Получив новые зубы и привыкнув к ношению протезов, мать вроде даже помолодела лет на двадцать. Она часто улыбалась, хохотала и проводила много времени у зеркала. Однако она боялась, как бы другие не узнали, что зубы у нее фальшивые, и это причиняло ей беспокойство.
— Ты слышишь, как они клацают, когда я разговариваю? — часто спрашивала она меня.
— Нет.
— А я слышу. А ты видишь этот жуткий небольшой загиб у меня под носом, когда они вставлены? Очень заметно?
— Разумеется нет. Совсем не заметно.
В свою бытность скульптором мать состояла в трех художественных организациях, и везде требовалось платить взносы — в Национальном обществе скульпторов, Национальной ассоциации женщин-художников и еще одной, которая именовалась «Кисть и перо», эдакий клуб женщин Виллиджа, некий реликт давнего Виллиджа времен блуз, фимиама, египетских сигарет с монограммами и Эдны Сент-Винсент Миллей [15]. По моей настойчивой просьбе она перестала платить дань хотя бы двум самым фешенебельным из этих коммерческих предприятий, расположенных в более престижной части города, но продолжала цепляться за «Кисть и перо», объясняя тем, что эта организация для нее «социально» важна.
Я согласился. Стоило это недорого, и иногда там устраивались групповые выставки картин и скульптуры — ужасные дни: чай с бисквитными пирожными, страшно скрипучие деревянные полы, группки леди в забавных шляпках, но зато какая-нибудь небольшая старая, вся захватанная скульптурная работа матери могла получить здесь «почетный отзыв».
— Видишь ли, они совсем недавно открыли двери для скульпторов, — поясняла она мне куда чаще, чем требовалось, — а до этого там собирались только художницы и писательницы. И разумеется, теперь изменить название, чтобы включить в него скульпторов, они не могут, но мы сами называем себя «художницами резца». — Это выражение казалось ей таким забавным, что всякий раз, произнеся его, она принималась безудержно смеяться, прикрывая рукой свои старые зубы или, позднее, с довольным видом демонстрируя сияние новых.

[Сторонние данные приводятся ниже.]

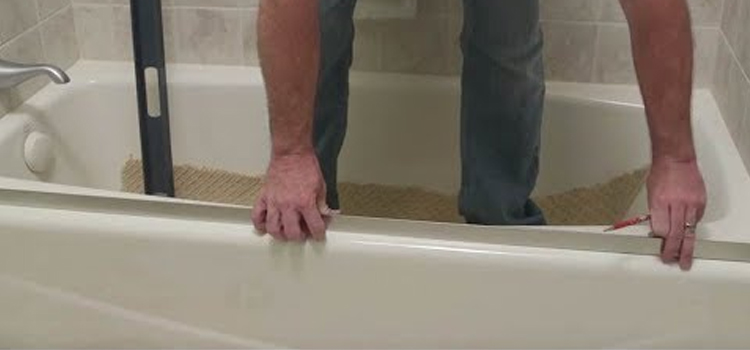 Sliding Shower Door Repair in San Clemente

В ту пору я почти не встречался со своими сверстниками, разве что иногда забредал в какой-нибудь бар в Виллидже, пытаясь уяснить, что вообще происходит вокруг. Потом разок меня пригласили в одну компанию, и там я познакомился с девушкой по имени Эйлин, которая оказалась такой же одинокой, как и я, только научилась скрывать это более умело. Высокая, стройная, с пышными темно-рыжими волосами и хорошеньким круглым личиком, которое порой выглядело настороженно-суровым, будто от предчувствия, что жизнь собирается ее как-то надуть, Эйлин также происходила из, как она это называла, «убого-светской семьи с претензиями» (прежде я никогда не слышал подобного выражения и тут же добавил его в свой лексикон). Ее родители тоже давно развелись, она тоже не пошла учиться в колледж и, опять же, как и я, зарабатывала на жизнь секретаршей в офисе какой-то фирмы. В общем, «белый воротничок». Существенная разница между нами заключалась в том, что она пыталась убедить меня, будто ей нравится ее занятие, потому что это «хорошая служба», но я посчитал, что у меня еще будет уйма времени, чтобы отучить ее от этой мысли. С самого начала знакомства мы с ней практически не разлучались — разве что на время работы, — и так продолжалось весь следующий год. Может, это и не была любовь, но нам вполне удалось убедить себя в обратном: мы постоянно твердили друг другу и самим себе, что любим друг друга. А если мы часто ссорились, то, следуя логике кинофильмов, на то она и любовь. Мы не отходили друг от друга, но, думается, через некоторое время оба начали подозревать, что, наверное, поодиночке нам просто некуда податься.